[Exercise brief] Please give the entries again in full and exactly, without any picture.
>>>>>
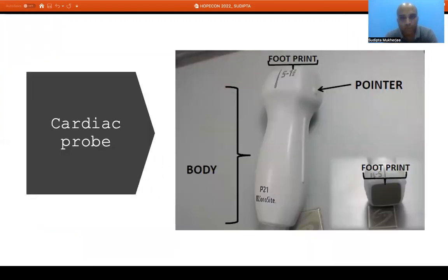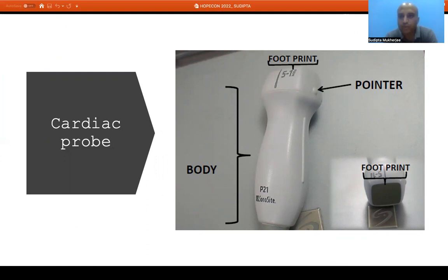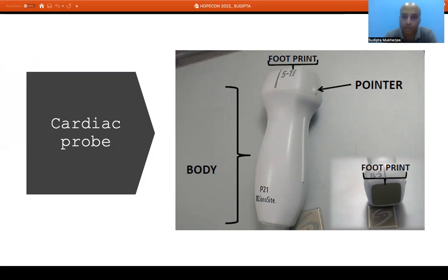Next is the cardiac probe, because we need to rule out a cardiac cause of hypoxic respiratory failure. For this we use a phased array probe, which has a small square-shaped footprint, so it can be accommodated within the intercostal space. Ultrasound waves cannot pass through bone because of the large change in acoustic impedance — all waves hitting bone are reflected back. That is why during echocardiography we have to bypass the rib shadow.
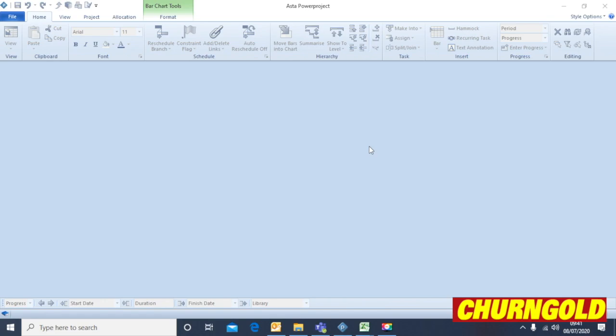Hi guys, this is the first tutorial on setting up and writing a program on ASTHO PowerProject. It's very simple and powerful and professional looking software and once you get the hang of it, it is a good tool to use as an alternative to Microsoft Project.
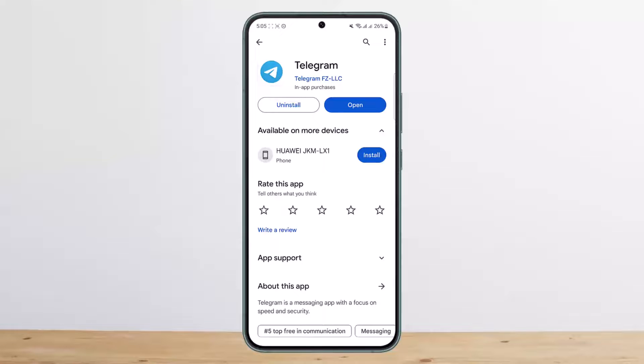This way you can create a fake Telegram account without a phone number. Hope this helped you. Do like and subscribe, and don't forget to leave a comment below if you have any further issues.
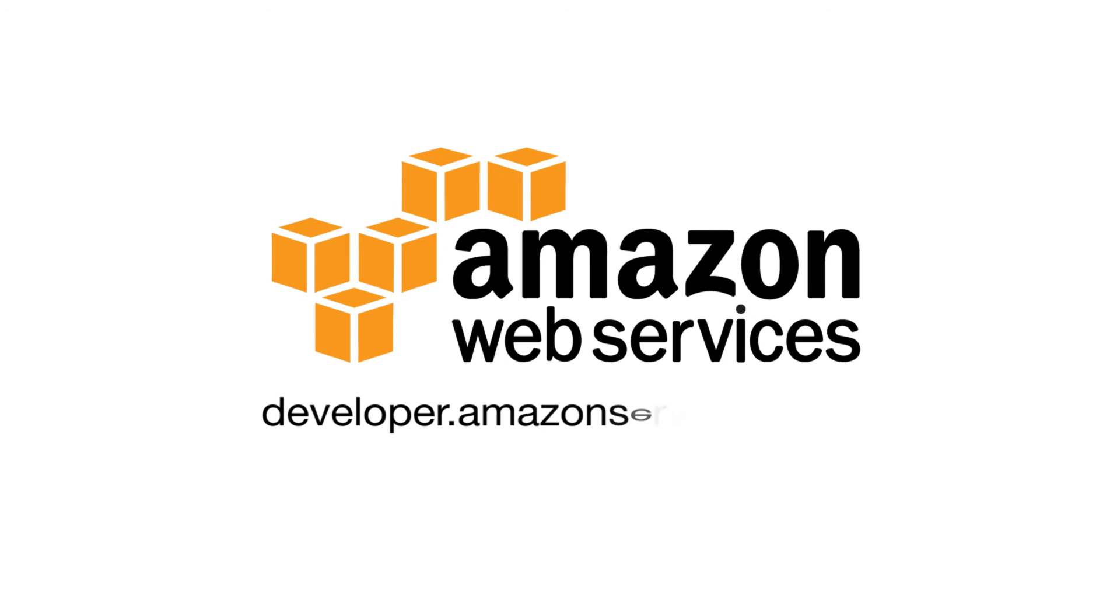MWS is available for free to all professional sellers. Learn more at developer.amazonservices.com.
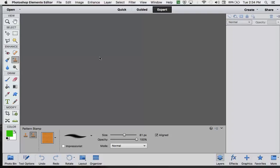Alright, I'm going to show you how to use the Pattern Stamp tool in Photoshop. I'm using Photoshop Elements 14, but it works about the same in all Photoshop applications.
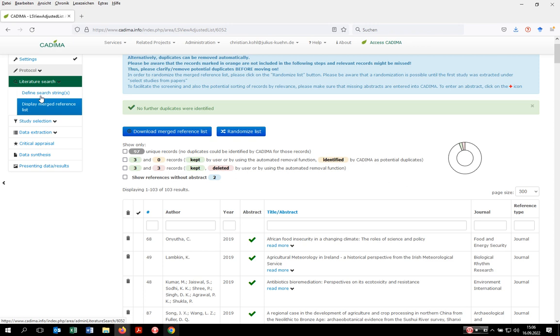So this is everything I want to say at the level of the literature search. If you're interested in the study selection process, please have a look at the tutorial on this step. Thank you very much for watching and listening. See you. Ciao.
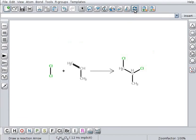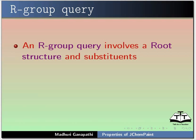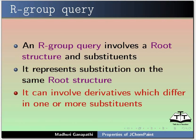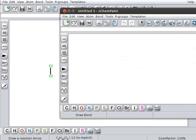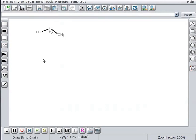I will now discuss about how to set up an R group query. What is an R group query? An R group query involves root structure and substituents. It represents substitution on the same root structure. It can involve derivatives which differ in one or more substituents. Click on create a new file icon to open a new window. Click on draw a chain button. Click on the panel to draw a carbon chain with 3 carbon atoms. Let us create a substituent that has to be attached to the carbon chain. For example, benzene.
<<<<<
[Task output]
Next is the cardiac probe, because we need to rule out a cardiac cause of hypoxic respiratory failure. For this we use a phased array probe, which has a small square-shaped footprint, so it can be accommodated within the intercostal space. Ultrasound waves cannot pass through bone because of the large change in acoustic impedance — all waves hitting bone are reflected back. That is why during echocardiography we have to bypass the rib shadow.
Hi guys, this is the first tutorial on setting up and writing a program on ASTHO PowerProject. It's very simple and powerful and professional looking software and once you get the hang of it, it is a good tool to use as an alternative to Microsoft Project.
This way you can create a fake Telegram account without a phone number. Hope this helped you. Do like and subscribe, and don't forget to leave a comment below if you have any further issues.
MWS is available for free to all professional sellers. Learn more at developer.amazonservices.com.
Alright, I'm going to show you how to use the Pattern Stamp tool in Photoshop. I'm using Photoshop Elements 14, but it works about the same in all Photoshop applications.
So this is everything I want to say at the level of the literature search. If you're interested in the study selection process, please have a look at the tutorial on this step. Thank you very much for watching and listening. See you. Ciao.
I will now discuss about how to set up an R group query. What is an R group query? An R group query involves root structure and substituents. It represents substitution on the same root structure. It can involve derivatives which differ in one or more substituents. Click on create a new file icon to open a new window. Click on draw a chain button. Click on the panel to draw a carbon chain with 3 carbon atoms. Let us create a substituent that has to be attached to the carbon chain. For example, benzene.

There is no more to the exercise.